■ **ACTIVITY**: Apart from the pictures, return every line of the listing exactly.

■ **DATA LISTING**:
# # # #

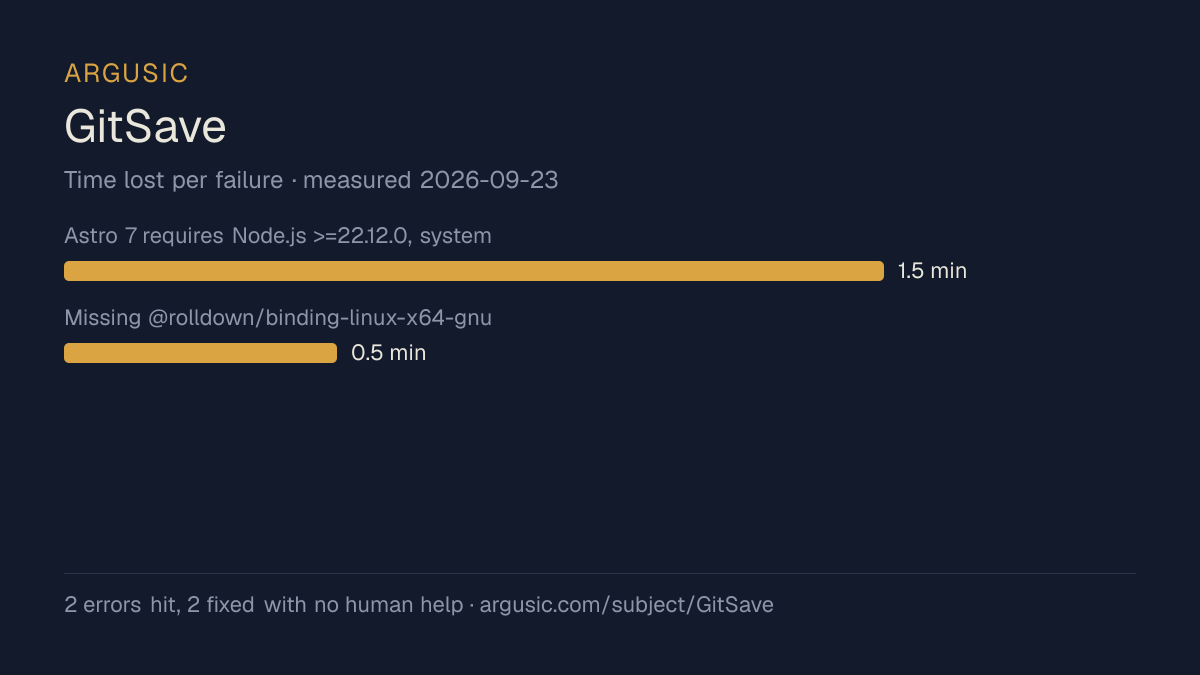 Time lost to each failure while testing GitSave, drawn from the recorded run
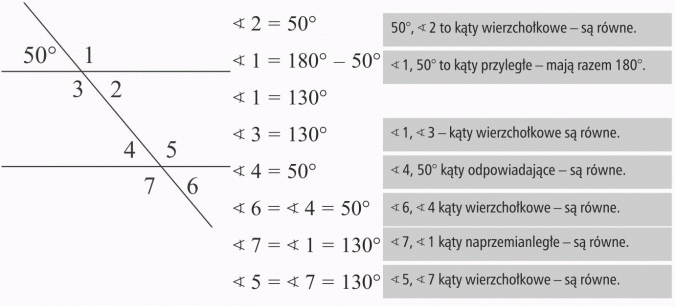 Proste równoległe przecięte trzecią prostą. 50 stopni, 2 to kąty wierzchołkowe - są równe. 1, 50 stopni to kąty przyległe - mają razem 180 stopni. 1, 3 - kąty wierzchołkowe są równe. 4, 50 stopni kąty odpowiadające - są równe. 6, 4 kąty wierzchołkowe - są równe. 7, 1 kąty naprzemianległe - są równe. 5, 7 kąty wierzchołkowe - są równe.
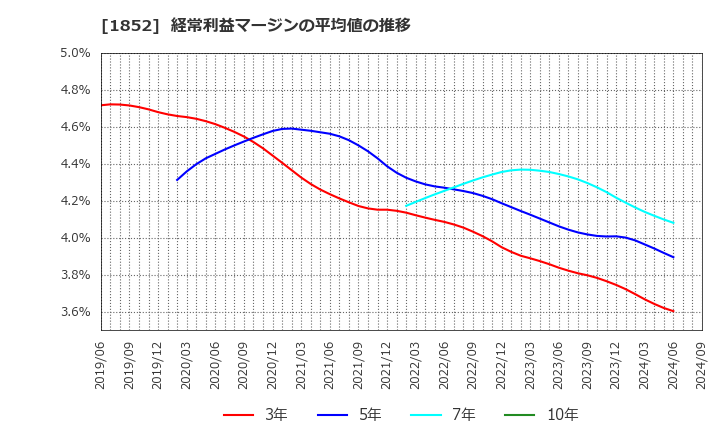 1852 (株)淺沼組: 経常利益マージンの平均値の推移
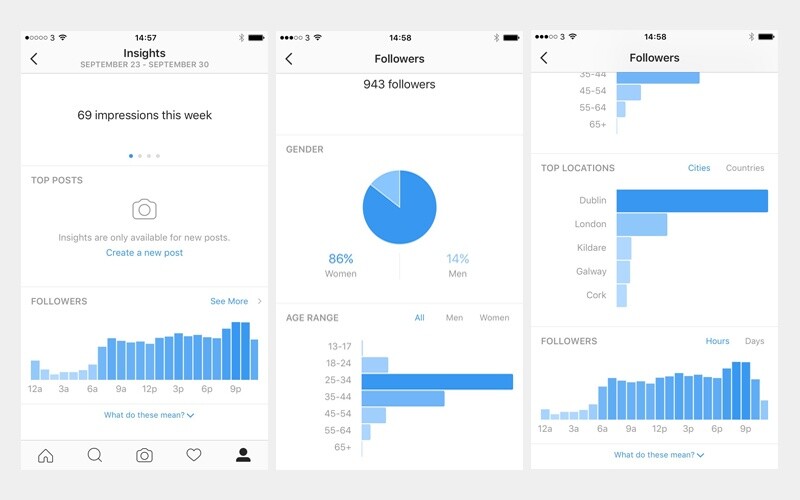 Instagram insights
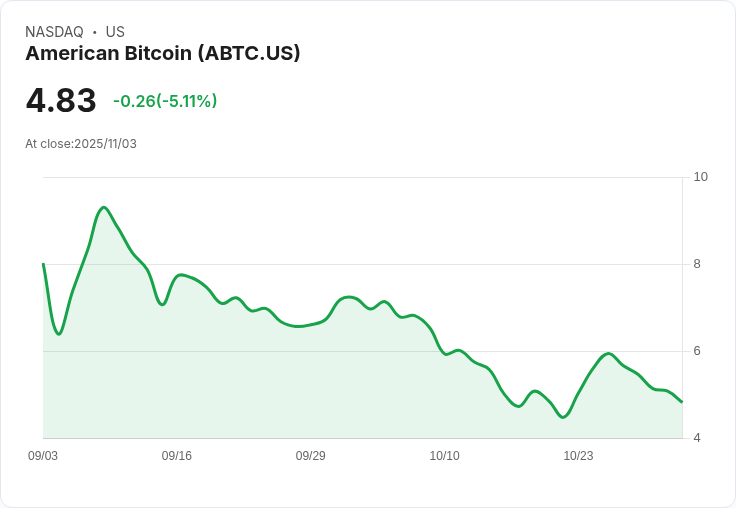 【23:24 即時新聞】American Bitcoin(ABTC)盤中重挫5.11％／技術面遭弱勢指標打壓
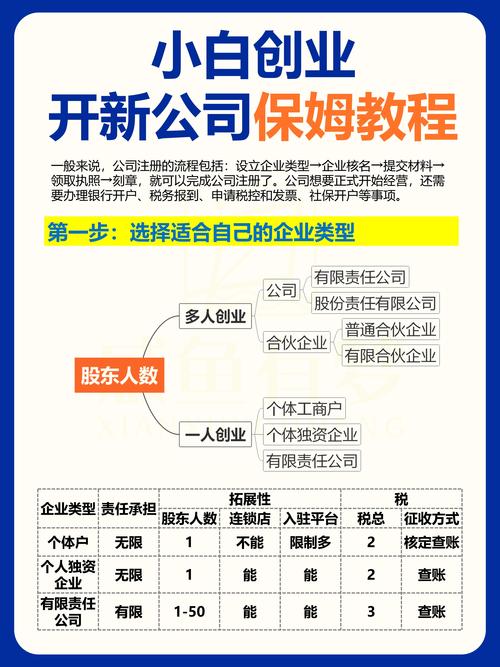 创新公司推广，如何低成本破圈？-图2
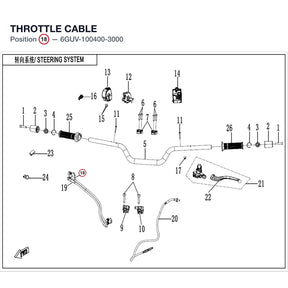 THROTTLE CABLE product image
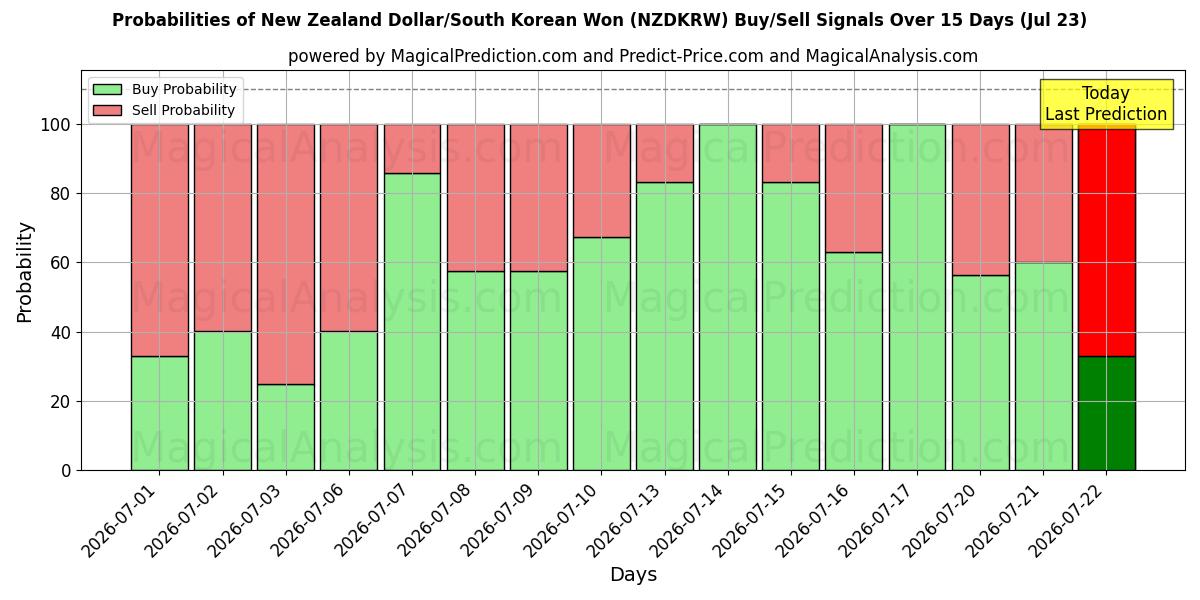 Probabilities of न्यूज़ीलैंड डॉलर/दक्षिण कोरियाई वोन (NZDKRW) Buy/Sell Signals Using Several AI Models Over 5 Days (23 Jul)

# # # #

■ **TASK SOLUTION**:
 Time lost to each failure while testing GitSave, drawn from the recorded run
 Proste równoległe przecięte trzecią prostą. 50 stopni, 2 to kąty wierzchołkowe - są równe. 1, 50 stopni to kąty przyległe - mają razem 180 stopni. 1, 3 - kąty wierzchołkowe są równe. 4, 50 stopni kąty odpowiadające - są równe. 6, 4 kąty wierzchołkowe - są równe. 7, 1 kąty naprzemianległe - są równe. 5, 7 kąty wierzchołkowe - są równe.
 1852 (株)淺沼組: 経常利益マージンの平均値の推移
 Instagram insights
 【23:24 即時新聞】American Bitcoin(ABTC)盤中重挫5.11％／技術面遭弱勢指標打壓
 创新公司推广，如何低成本破圈？-图2
 THROTTLE CABLE product image
 Probabilities of न्यूज़ीलैंड डॉलर/दक्षिण कोरियाई वोन (NZDKRW) Buy/Sell Signals Using Several AI Models Over 5 Days (23 Jul)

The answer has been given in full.